INSTRUCTIONS TO FOLLOW
Go to the line containing "colores del otoño" below; retype it and all following lines exactly, and leave out the pictures.

(Pictures with short captions)

################

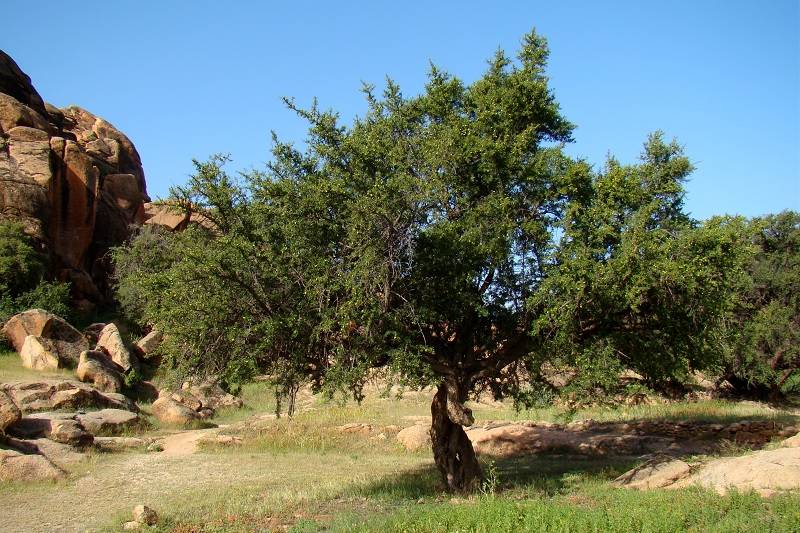 العالم يحتفي بيوم شجرة الأركان بمبادرة مغربية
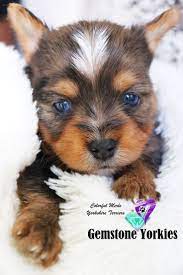 Pin On Yorkies
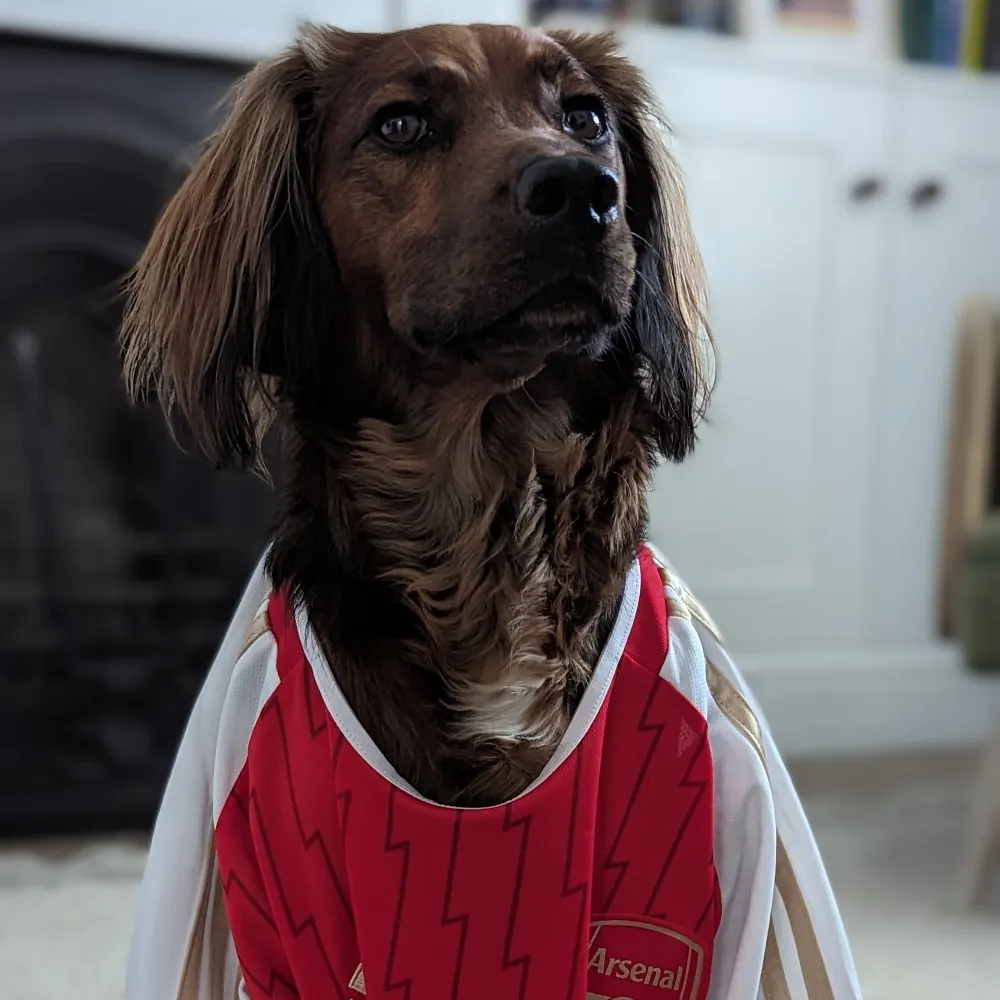 marmk.bsky.social's profile picture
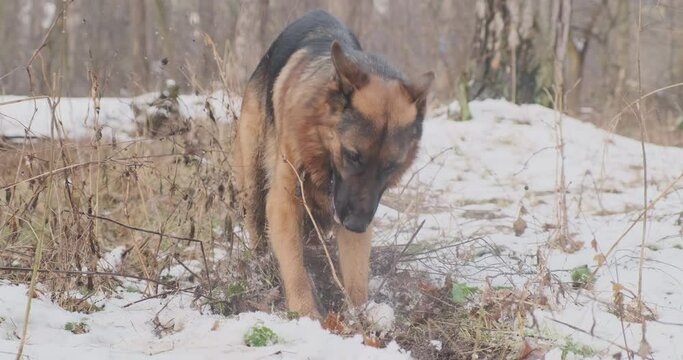 Purebred German Shepherd barks and digs snow with its paws. The dog barks at a stick, digs the ground in the forest. Winter, cold, snow. Pet stick games.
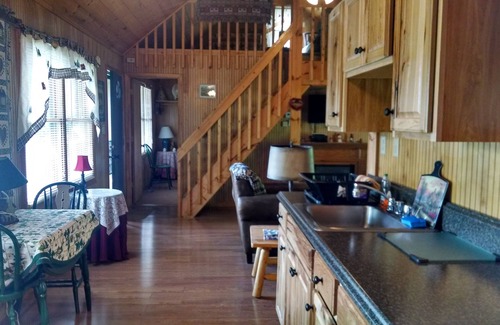 Waynesville Cabin | Deer Country Vacation Cabins #2 - Long Range View, Dogs Friendly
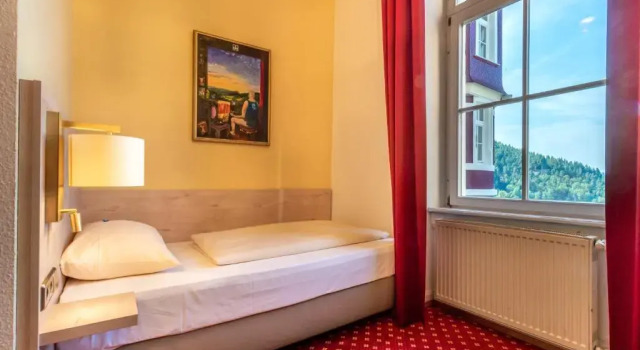 Одноместный номер Standard Hotel Schloss Hornberg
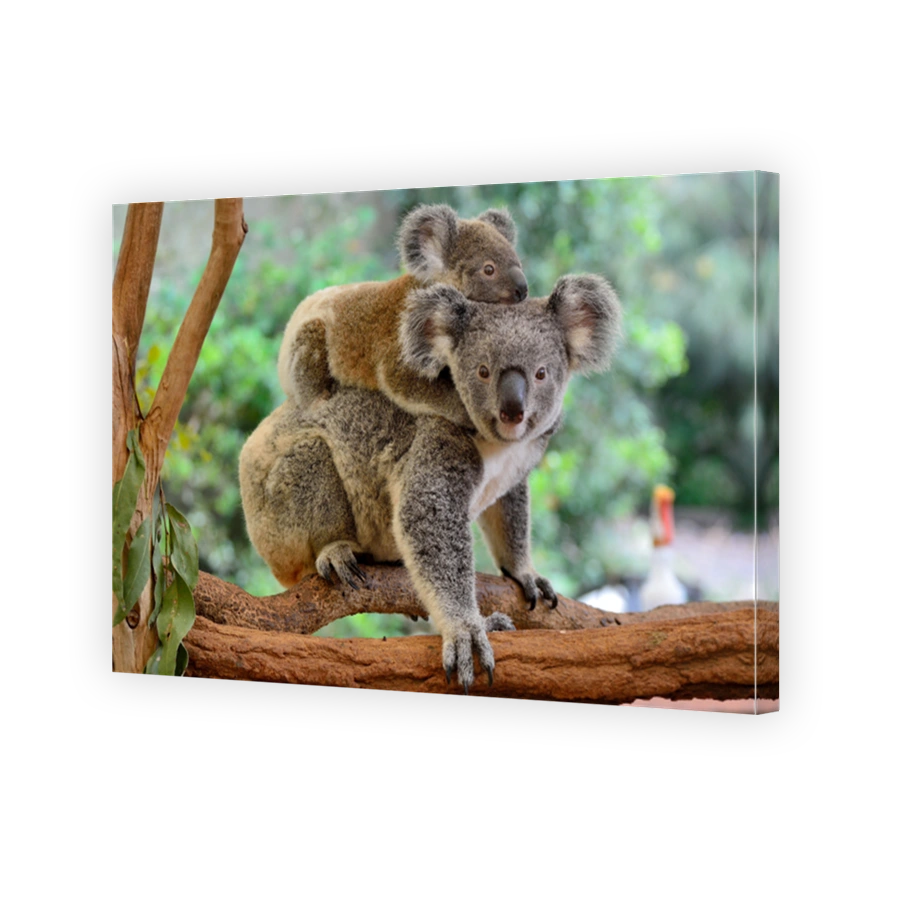 Mother koala with baby on her back
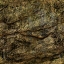 CASS_ROCK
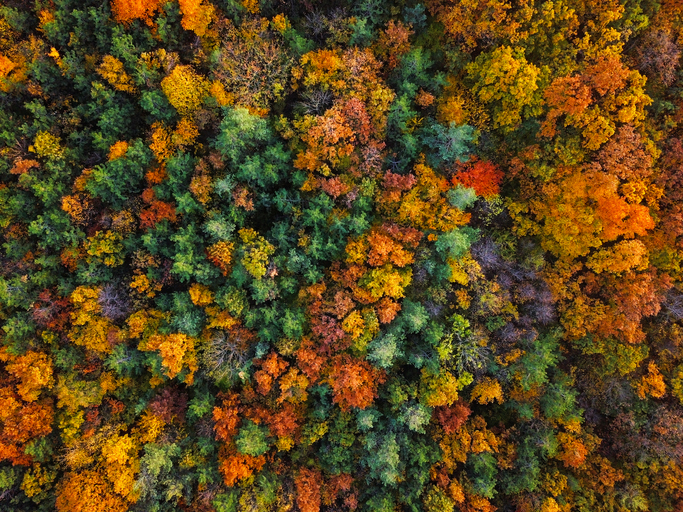 colores del otoño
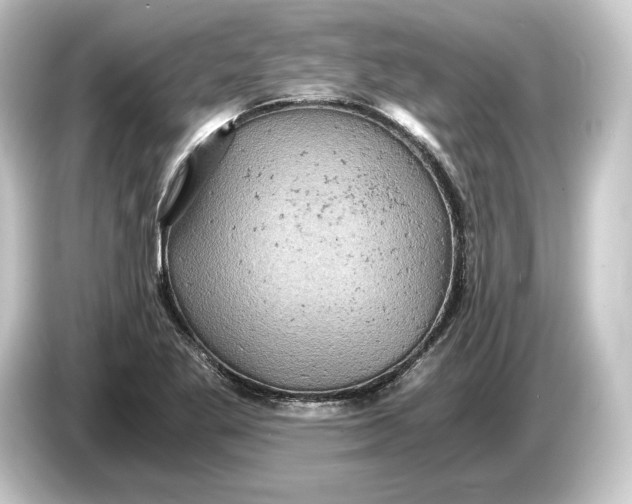 X0000084531269200703161600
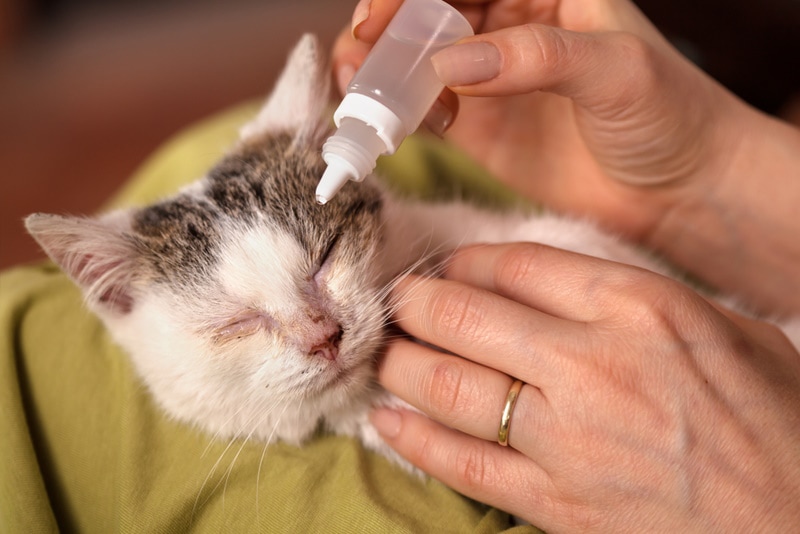 woman treating kitten eyes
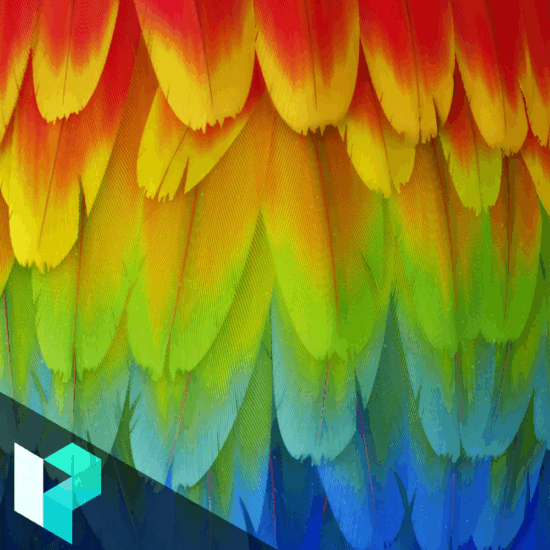 【ai精翻】羽毛创作-土狗cg资源站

################

OUTPUT FOR THIS TASK
 colores del otoño
 X0000084531269200703161600
 woman treating kitten eyes
 【ai精翻】羽毛创作-土狗cg资源站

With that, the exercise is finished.